The history of the course isn’t just that of pre civil war Virginia and the burgeoning independence of the USA. The course itself has a wealth of golf history dating back to its opening in 1991, including many famous championships, the making of the Ryder Cup trophy, and the famous 18th hole defeat of Michelle Wie by Ya-Ni Tseng in the 2004 Women’s Amateur Publinks Championship.
The most recent and perhaps most distinguished bit of history for the Green course, is my birdie on the 18th in almost complete darkness. I guess I play better when I can’t see what I’m doing. Hey does that mean I can beat Michelle Wie? I doubt it.
Tee shots at the Green course are very fun and interesting. There are many carries the player must achieve to simply “get” to the fairway. In extremely wet and cold conditions like the day I played, getting to the fairway is an achievement.
The shapes of the holes are distinct and the tee shots for those who can work the ball are very fun.
The landing areas are fairly wide, and slightly errant tee shots will likely catch the shaped hills on either side and stay fairly well in play.
Severely errant tee shots however, will not catch favorable bounces. Miss the fairway by enough, and you’ll probably never find your ball, “hitting three off the tee.”
Approach shots at the Green course are very fun. There are many contours and mounds surrounding the green which will remind the player to hit a solid approach, or end up with a tough chip to save par.
Unless the tee shots are fairly errant, lies in the fairway are generally flat with minimal uneven lies. Approaches from lies other than the fairway however, can be very extreme. Approaches with uphill, side hill, downhill lies are almost guaranteed if the fairway is missed.
The greens at the Golden Horseshoe Green course are fair and not overly undulating. There are no crazy tiers, circus slants or false fronts. Putts roll true and reward good strokes and reads.
Grain is definitely a factor on these greens. Occasionally while putting I would run one by why farther than expected, or I’d leave one short when I thought I’d put the right pace on the stroke. Examining the grain of those putts would reveal that I’d been going with or against the grain.
The complexes around the greens at the Green course are very interesting and challenging. Many hills, bunkers shaping creates all sorts of opportunities for difficult chips. Getting up and down on this course with slight misses around the greens is no picnic. The shaping around the greens calls for creativity and precise execution.
The Green course has every amenity a golfer may need, from a great practice facility to a well stocked pro shop. The on-course snack bars have friendly staff and carry many tasty food items and beverages. The ham and cheddar was tasty.
Ryder Cup Bar
Trivia time. Any idea where Ryder Cup trophies are made? Stop by for a drink at the Ryder Cup Bar, located in the clubhouse at the green course and you might figure it out.
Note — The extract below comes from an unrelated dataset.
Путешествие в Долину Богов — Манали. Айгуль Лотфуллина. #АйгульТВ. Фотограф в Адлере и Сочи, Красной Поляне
The staff can really make a big difference with the experience a golfer has at a golf course or resort. Rounds on the best courses in the world can be ruined by grouchy or inattentive staff. No worries at Golden Horseshoe.
I had the pleasure of playing golf on the Green course with long time director of golf Glen Byrnes. Glenn is a special guy who has probably one of the best jobs in all of golf. Glen’s passion for the game and for his golf courses is unsurpassed, and he’s one heck of a player too. I was happy to tie him in a game of “seven” on the putting green. I think he let me off easy.
I also had the pleasure of playing a round of golf with assistant PGA professional Greg Lynch. Though he called himself a rookie at the course after four years, he had customer service skills of a seasoned veteran. It helps if you’re a down right gentleman like Greg.
As mentioned before, superintendent Rick Viancour provided some neat viewpoints about the course, its construction and what it takes to keep a 45 hole facility like this in top shape.
Other staff members I met, from starters to bag boys were all very friendly and helpful.
How many golf courses can you think of which have no homes or real estate developments associated with them? Not many is my guess. Most courses are built these days with the intent of flipping the land around it or turning it into a real estate profit center. The course is secondary, or just a tool to make the development more valuable.
The courses at Colonial Williamsburg will never have homes or buildings next to them. They’re part of a historic area which will not be expanded or built out any further. The golfing experience is made even more enjoyable when you don’t have to worry about knocking out someone’s living room window with an errant drive. The aesthetic is greatly enhanced by playing a course which sits in nature without a bunch of buildings or development around it.
Awards And Accolades
If you’ve read this piece this far, you know my conclusion already, so there’s no need to repeat much.
From the great amenities to the great staff to the amazing courses, Golden Horseshoe is a must-play.